Wild, handled with care

A lodge floats amid adventure, sights, and solitude, protected inside a massive rain forest

May 04, 2008|Kari J. Bodnarchuk, Globe Correspondent

"It's so peaceful and so quiet," said Gisela Pierburg from Switzerland as she stood on the dock at King Pacific Lodge gazing out at a placid bay ringed by ancient rain forest and uninhabited islands. "Here, it's really like the wild west. This is something we don't have in Europe, no way."

The first thing to strike many visitors at this wilderness lodge in British Columbia's Inside Passage is the pure silence, save for the occasional cry of a bald eagle overhead or the poof of a humpback exhaling in the bay. The lodge sits in the middle of the Great Bear Rainforest, a 4.4-million-acre park established in 2006 that covers an area twice the size of Yellowstone National Park.

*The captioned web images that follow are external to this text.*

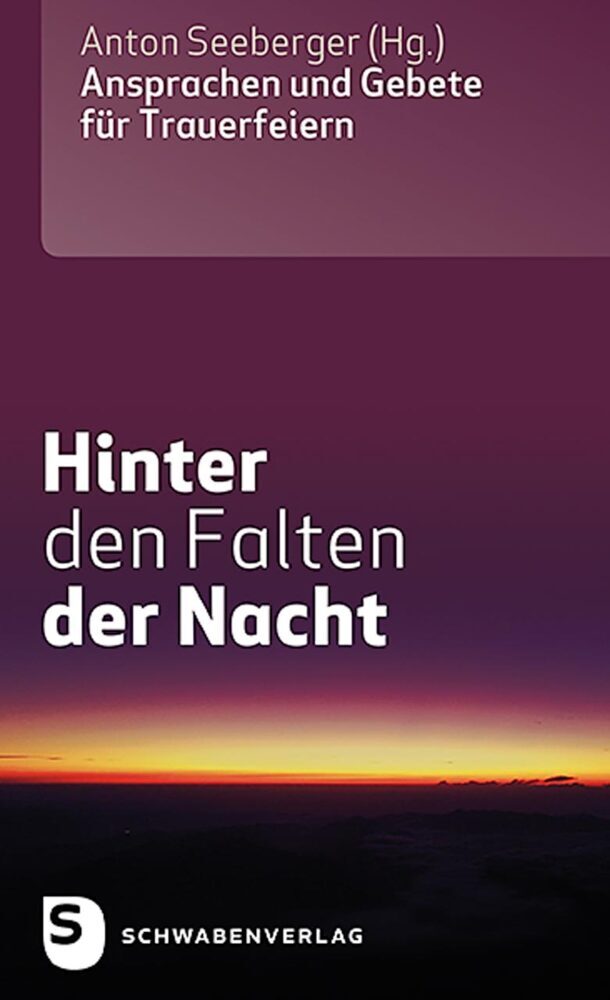 Hinter den Falten der Nacht (Anton Seeberger)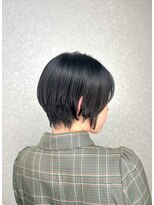 美容室 ハルミ ヘア リゾート 川口店(Harumi Hair Resort)&nbsp;前髪/アンブレラカラー/こなれミディ/イメチェン/ウェーブパーマ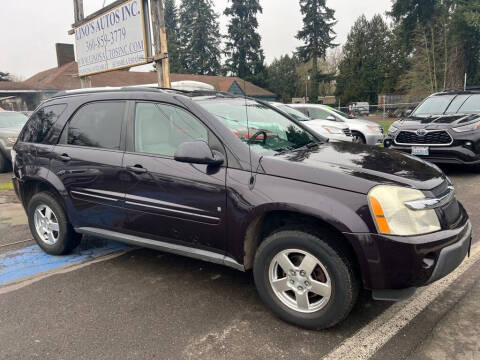 2006 Chevrolet Equinox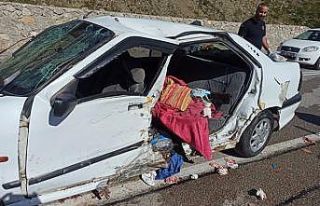 Sinop’ta trafik kazası: 11 yaşındaki çocuk öldü,...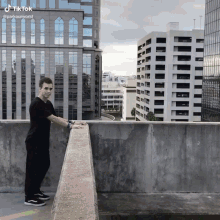 Jumping Jumping Off Building GIF - Jumping Jumping Off Building No Fear GIFs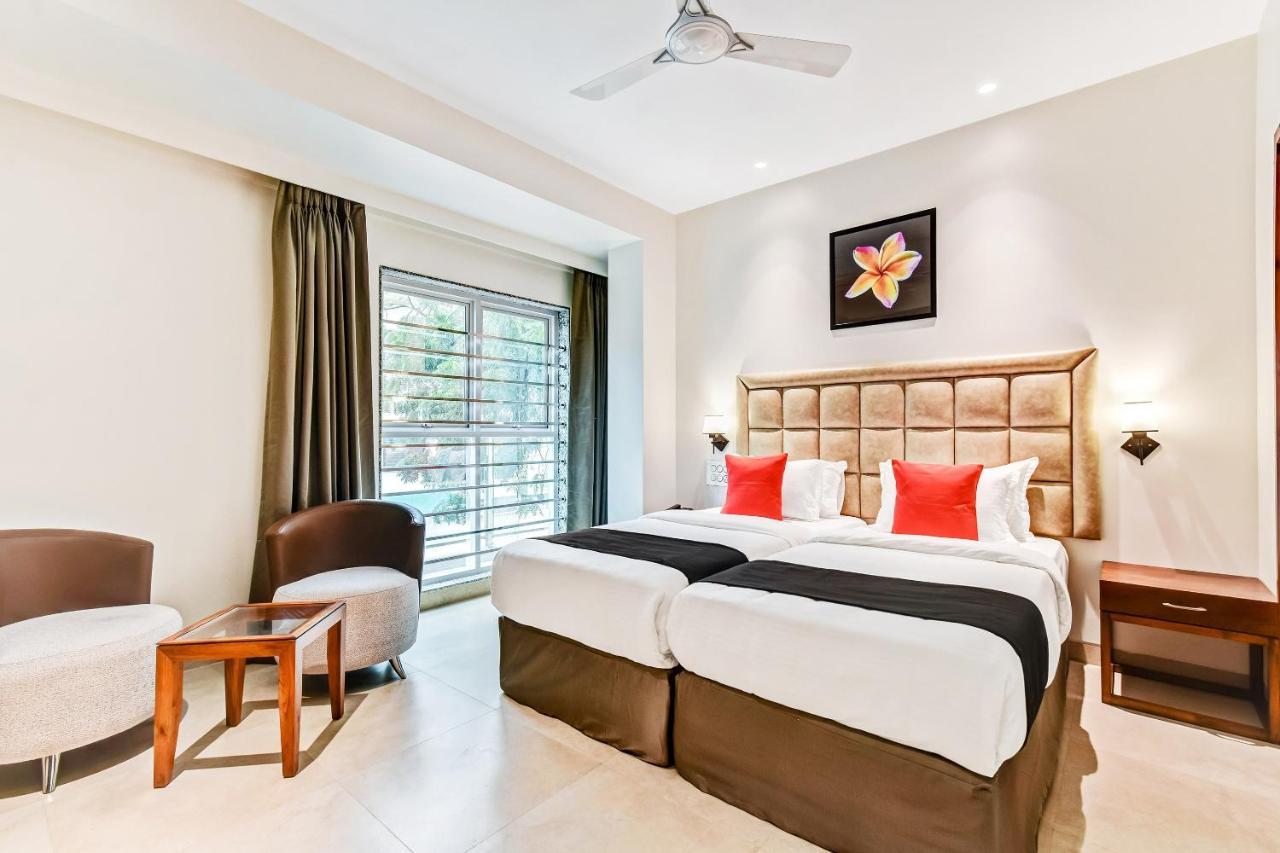 Capital O 28475 Elite Homes Aurangabad  Exteriör bild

Built on a barge, this floating lodge, with its spa, two-story stone fireplace, and cathedral ceilings, gets towed 100 miles down the coast each spring from its wintering grounds in the port city of Prince Rupert to Princess Royal Island on the province's central coast. From May to September, it is moored next to a cascading waterfall in Barnard Harbour, a horseshoe-shaped bay that's backed by the Coast Mountains and surrounded by impenetrable forest, where emerald-green moss engulfs the cedar and fir trees.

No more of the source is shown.